D'abord les arbres y portaient des fruits qui exhalaient des parfums inconnus, quelques-uns avaient des fleurs de feu, dans ces fleurs se roulaient des abeilles d'or dont le bourdonnement était une musique enchanteresse.

A peine entré dans ces régions bienheureuses, j'ai ressenti l'influence du climat, j'étais allègre et léger, je ne marchais plus, je voltigeais, je perchais sur la cime des arbres.

Là, j'ai trouvé tous ceux que je croyais avoir perdu par la mort ou par l'oubli, je les ai retrouvés tous vivants, tous heureux, et tous m'aimant avec une charmante tendresse; ils étaient tous jeunes et beaux; là, je voyais toutes les choses que j'avais rêvées ou désirées, et que j'avais rejetées de ma pensée et de mon cœur comme des folies et des songes d'un cerveau malade; je les voyais réalisées, et ordinaires et communes; personne ne s'en étonnait, et moi pas plus que les autres. A ma voix, les tigres et les lions venaient se frotter contre moi et s'offraient à me servir de monture; mais qu'en avais-je besoin, puisque je volais comme un aigle moi-même.

Là j'ai retrouvé Magdeleine, Magdeleine qui m'aimait et m'expliquait qu'elle ne m'a jamais été infidèle; mais, ô bonheur indicible! je ne sais ce qu'elle me disait, ni de quels arguments elle se servait, mais tout ce que je sais, c'est que je la croyais.

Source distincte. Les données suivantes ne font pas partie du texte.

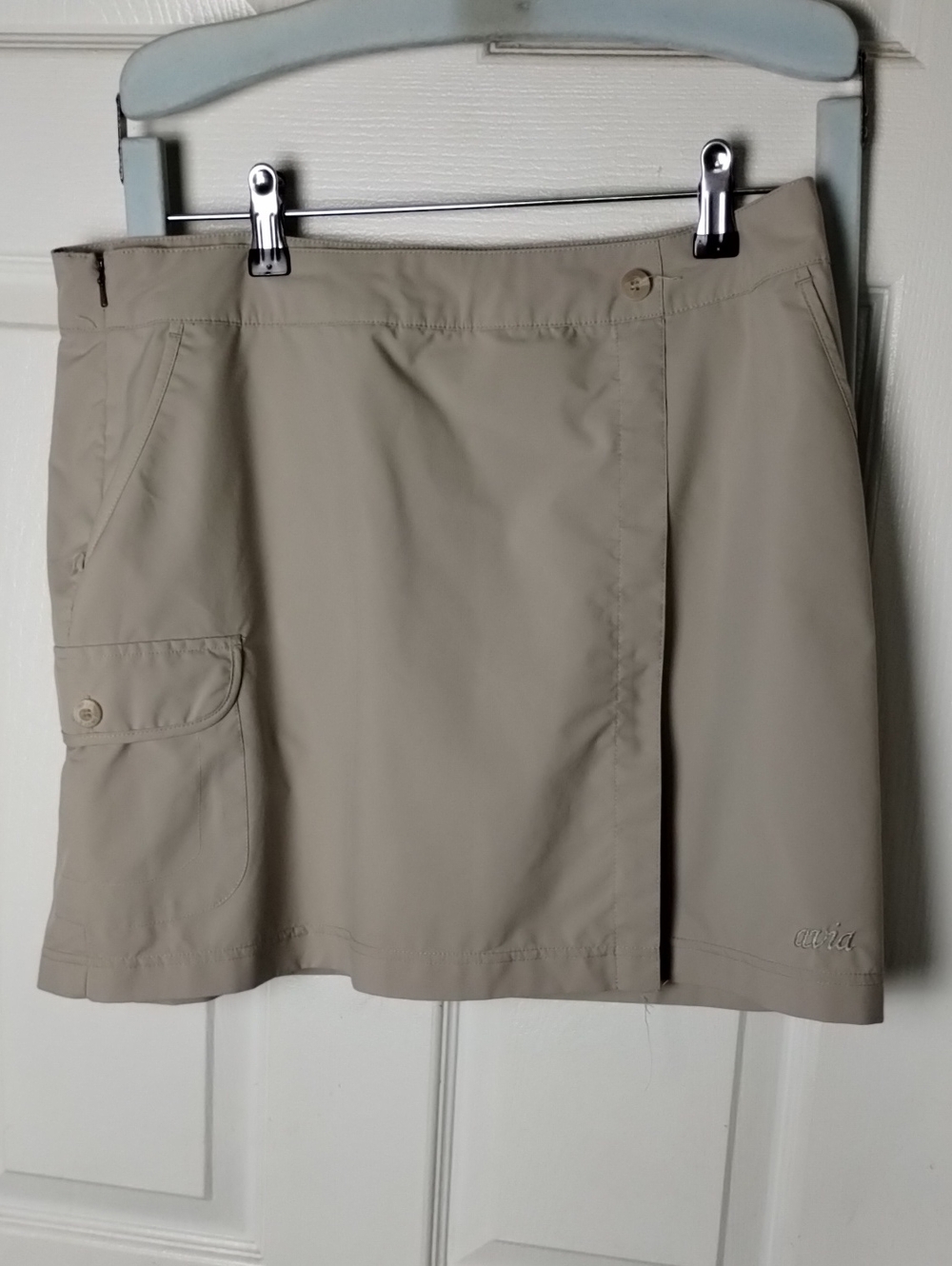 Aria beige casual cargo skort. Medium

Et M. Muller, comme il me serrait la main, comme il était heureux de notre bonheur.—Et mon père, mon père, que j'ai pleuré, il n'était pas mort, il était allé m'attendre dans ce pays fortuné où s'étaient réunis tous ceux que j'ai aimés; il avait encore sa physionomie riante et ouverte, et de ses doigts s'échappaient encore des flots d'harmonie.

Il me semblait que ma vie, jusqu'à ce moment, n'avait été qu'un rêve et un cauchemar, ou qu'après des épreuves difficiles et une initiation, on faisait s'évanouir autour de moi les fantômes qui m'avaient épouvanté.

J'étais riche, et je prodiguais à Magdeleine tout ce qu'aiment les femmes, tout ce qu'on aime tant à leur donner; sur quelles magnifiques pierreries, sur quelles belles étoffes, sur quels tapis et sur quelles fleurs elle marchait; que de perles tressées dans la crinière des chevaux qui la traînaient à la promenade, comme elle était belle! comme elle était parée de toutes ces richesses et comme j'étais paré d'elle; les pierreries, les diamants l'entouraient ou étincelaient sous ses pieds; mais ni diamants ni pierreries n'étaient jugés dignes de briller sur elle; je lui avais donné des étoiles pour mettre dans ses cheveux; Mars, cette étoile rouge, et Vénus, cette étoile bleue que j'avais vu si longtemps briller au ciel, n'étaient pas, comme on le dit ailleurs, de grosses planètes, non, c'étaient comme des fleurs de feu qui lui allaient à ravir.

Puis, comme je l'examinais davantage, je découvris qu'elle était à la fois toutes les femmes que j'ai, dans le cours de ma vie, désirées ou aimées, puis nos regards s'attachant l'un sur l'autre, la flamme qui en sortait se confondit, et nous nous confondîmes ainsi tous les deux; j'étais elle, elle était moi, je sentais son sang dans mes veines.

Je compris alors ce que c'est que l'amour: une flamme séparée en deux qui veut se réunir.

Oh! le beau pays, mon ami; personne ne s'occupait de nous; personne n'enviait notre bonheur, nous ne pensions à personne.

Et de quel bleu était le ciel!

Ce pays, mon ami, vous pouvez le visiter comme moi, où vous êtes, comme si vous étiez ici ce soir même, si cela vous convient; tâchez seulement qu'un imbécile ne vienne pas trop matin frapper à votre porte et vous réveiller, ainsi qu'on m'a fait ce matin.

Parce que s'il est une chute lourde, c'est celle qu'on fait pour redescendre des riantes régions des songes, dans cet aride pays qu'on appelle la vie.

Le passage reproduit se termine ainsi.